**Task prompt:**
Beginning with the line that contains "WSU Alumni |", retype the entries below exactly, ending with the line that contains "Used 2025 Toyota RAV4 LE AWD/4WD image 2". Leave out any pictures.

**Excerpted records:**
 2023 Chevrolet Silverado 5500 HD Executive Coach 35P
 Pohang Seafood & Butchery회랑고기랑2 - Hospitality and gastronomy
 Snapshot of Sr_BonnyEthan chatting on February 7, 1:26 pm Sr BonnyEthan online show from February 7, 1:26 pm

--

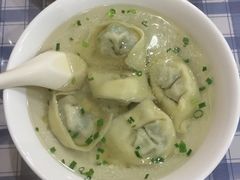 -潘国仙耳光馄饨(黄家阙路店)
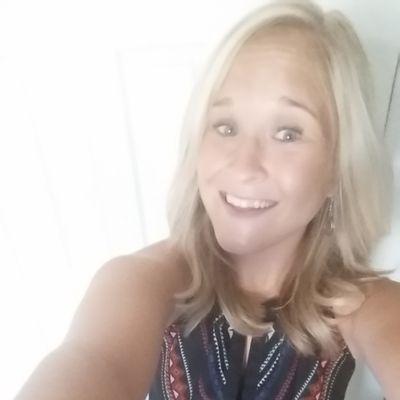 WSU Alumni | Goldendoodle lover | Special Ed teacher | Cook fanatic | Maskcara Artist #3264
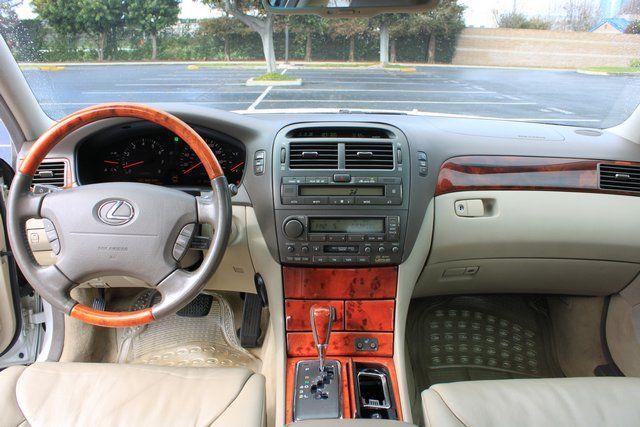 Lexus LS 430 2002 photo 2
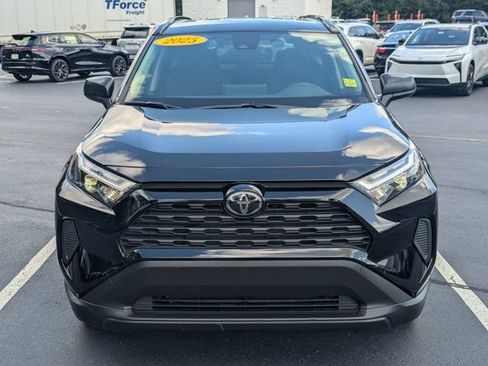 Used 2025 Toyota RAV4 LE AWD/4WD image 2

**Answer space:**
 WSU Alumni | Goldendoodle lover | Special Ed teacher | Cook fanatic | Maskcara Artist #3264
 Lexus LS 430 2002 photo 2
 Used 2025 Toyota RAV4 LE AWD/4WD image 2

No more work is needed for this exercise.